Let \(G=(V,E)\) be a graph. A function \(f : V \rightarrow \{0, 1, 2\}\) is an outer independent Roman dominating function (OIRDF) on a graph G if for every vertex \(v \in V\) with \(f (v) = 0\) there is a vertex u adjacent to v with \(f (u) = 2\) and \(\{x\in V:f(x)=0\}\) is an independent set. The weight of f is the value \( f(V)=\sum _{v\in V}f(v)\). An outer independent total Roman dominating function (OITRDF) f on G is an OIRDF on G such that for every \(v\in V\) with \(f(v)>0\) there is a vertex u adjacent to v with \(f (u)>0\). The minimum weight of an OIRDF on G is called the outer independent Roman domination number of G, denoted by \(\gamma _{oiR}(G)\).
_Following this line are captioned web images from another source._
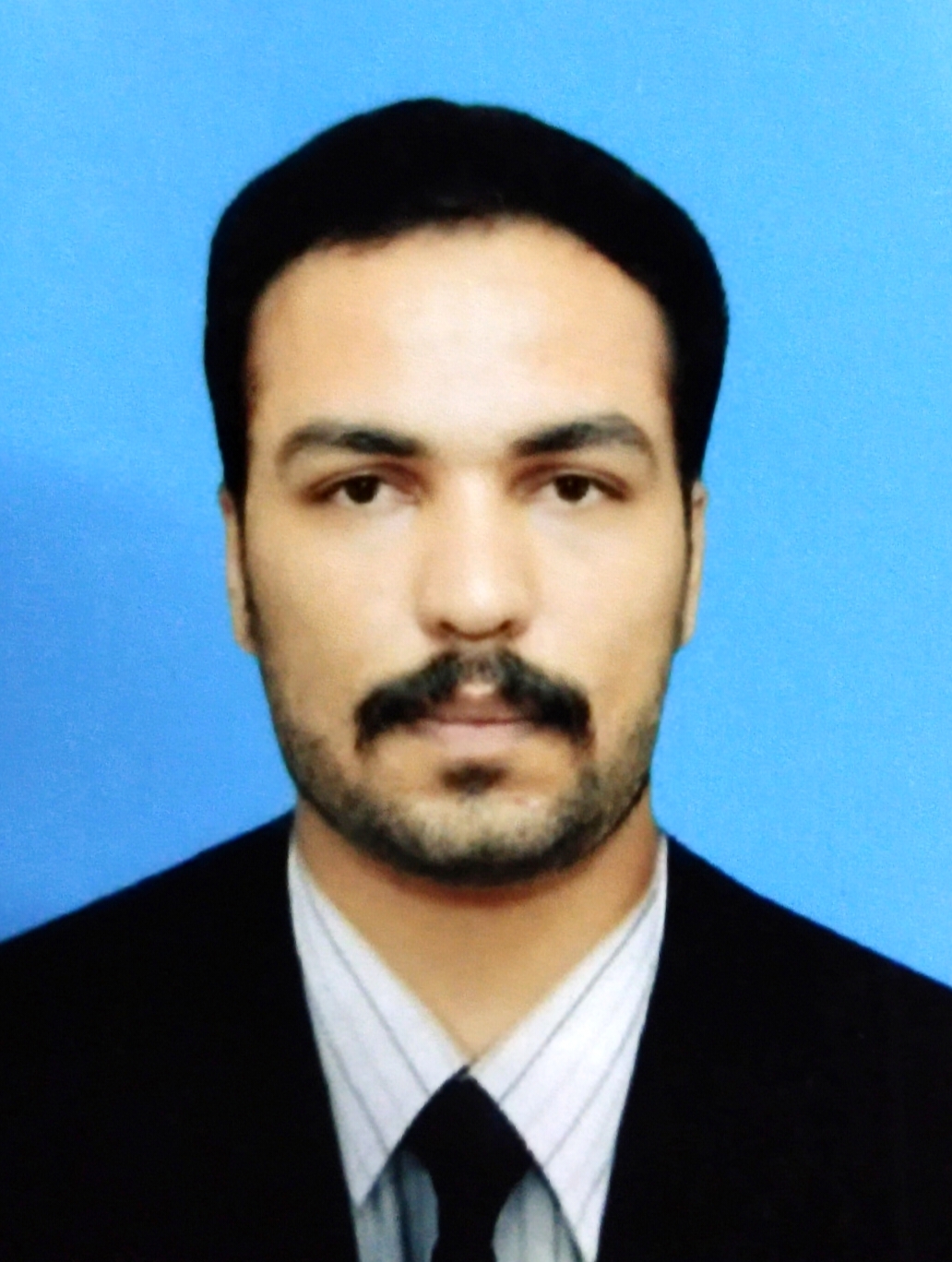 Daniyal Asad MS Office, Manufacturing Engineering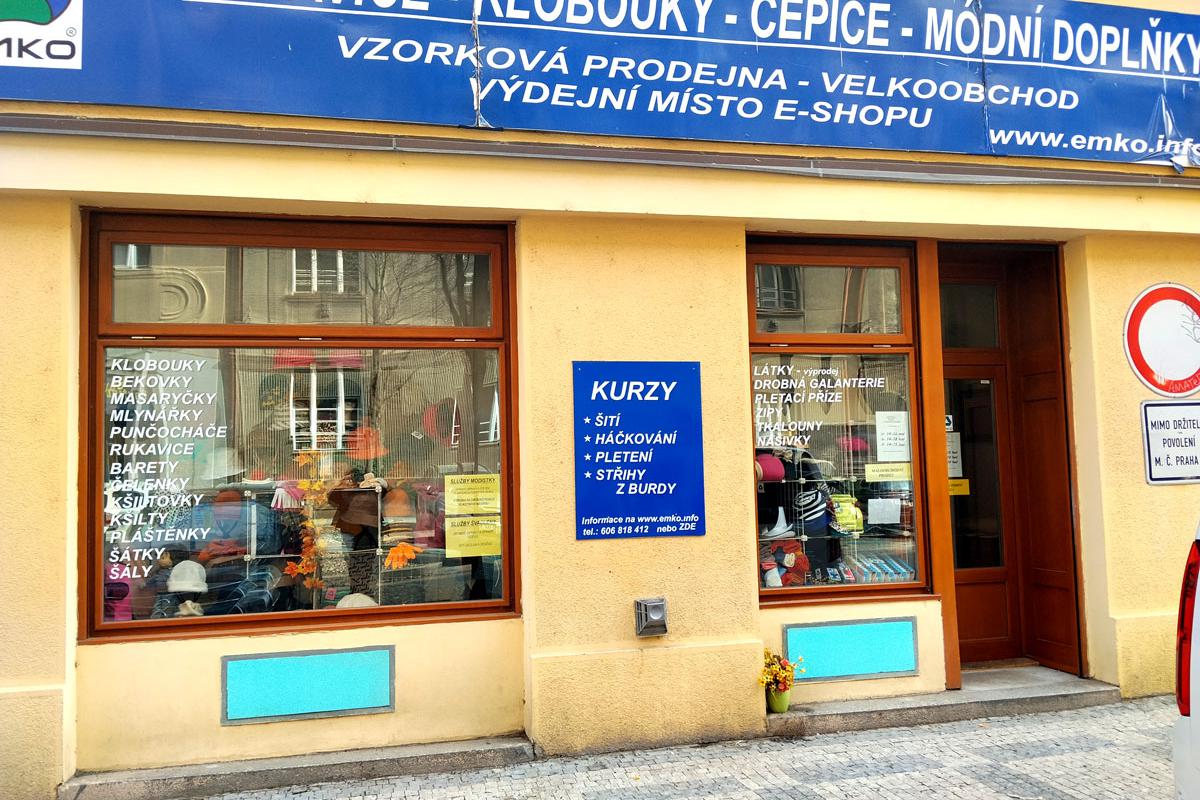 Eva Mrázková - individuální kreativní kurzy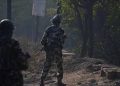 Two Militants killed in Kashmir during a gunfight.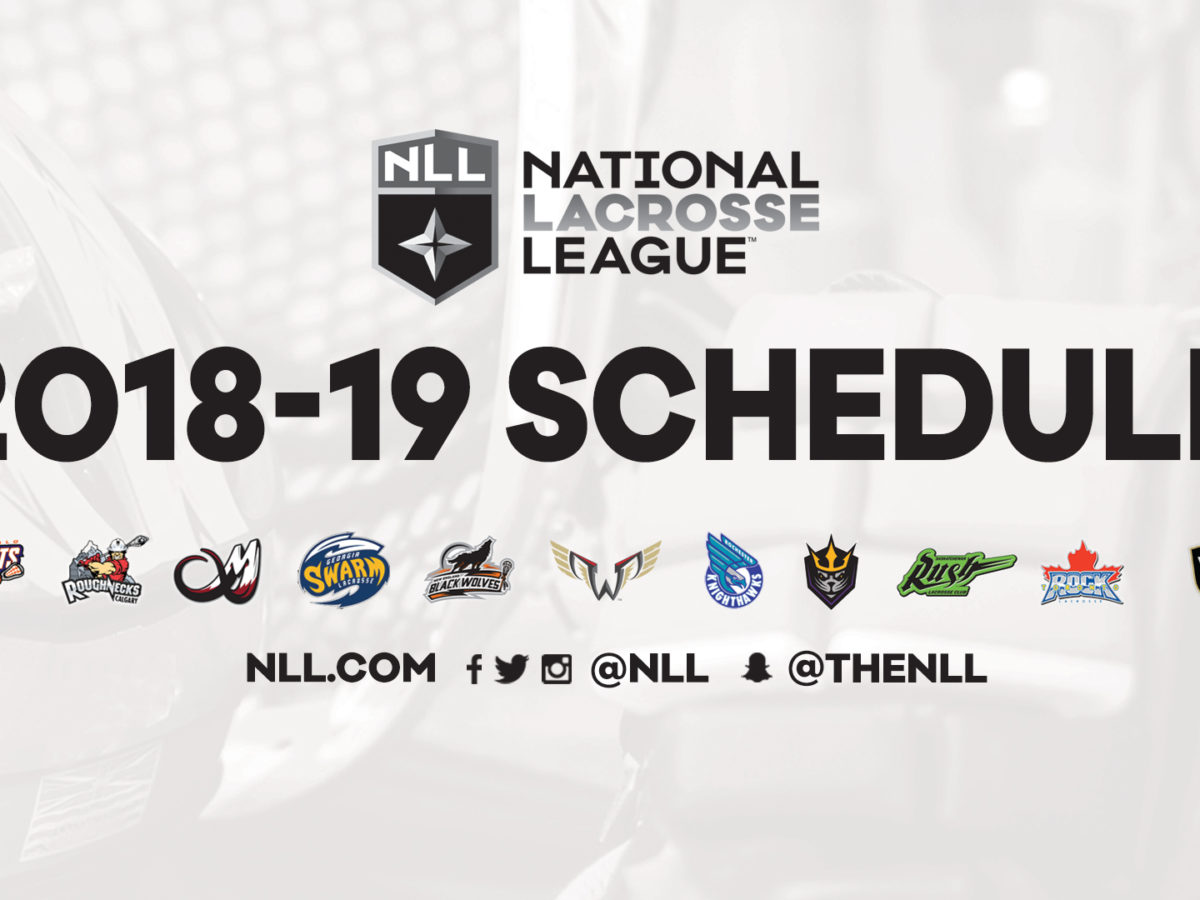 2019 National Lacrosse League Finals: How to Watch, Schedule and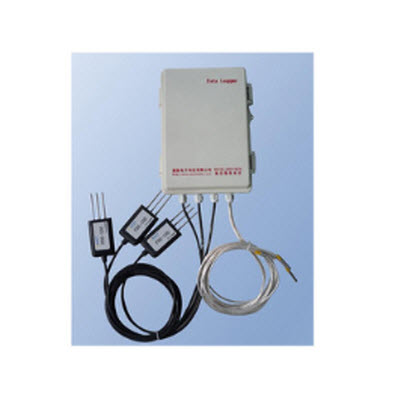 多点土壤温湿度记录仪 JL-01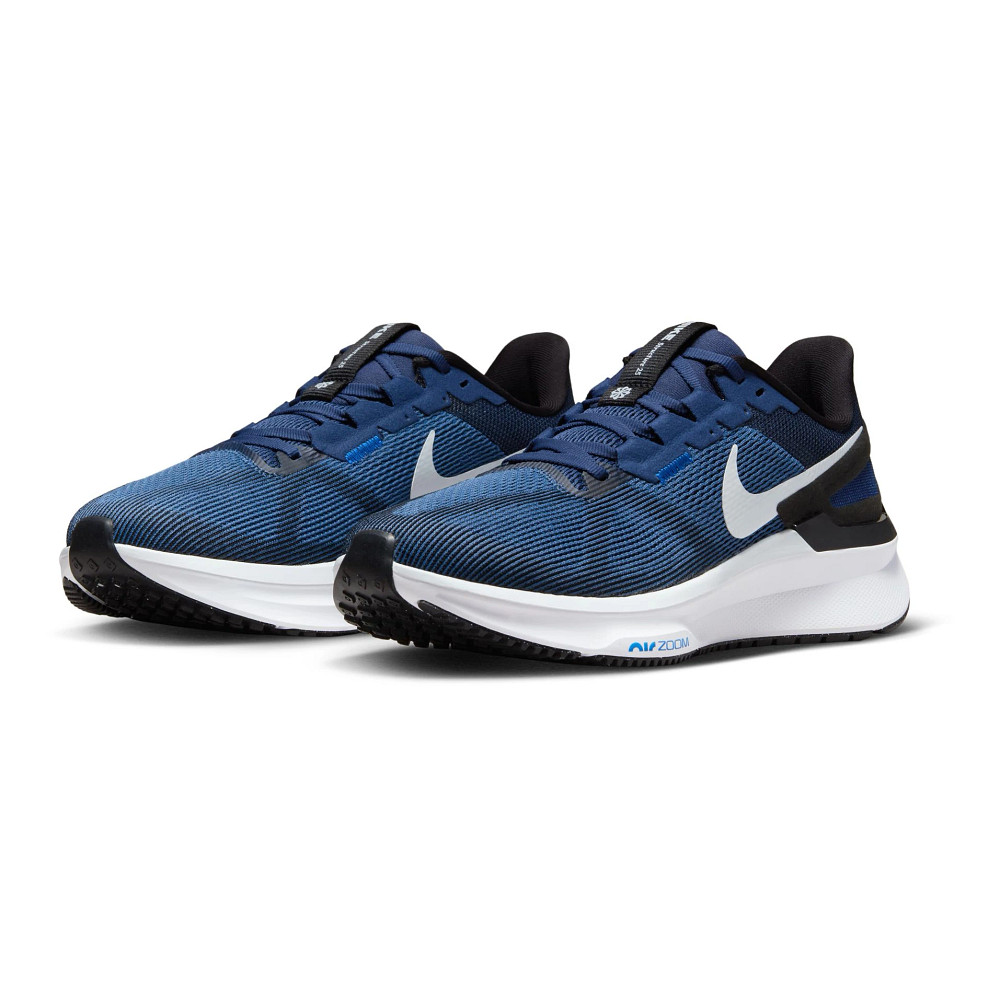 Mens Nike Air Zoom Structure 25 Running Shoe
Similarly, the outer independent total Roman domination number of G is defined, denoted by \(\gamma _{oitR}(G)\). In this paper, we first show that computing \(\gamma _{oiR}(G)\) (respectively, \(\gamma _{oitR}(G)\)) is a NP-hard problem, even when G is a chordal graph. Then, for a given proper interval graph \(G=(V,E)\) we propose an algorithm to compute \(\gamma _{oiR}(G)\) (respectively, \(\gamma _{oitR}(G)\)) in \({\mathcal {O}}(|V| )\) time.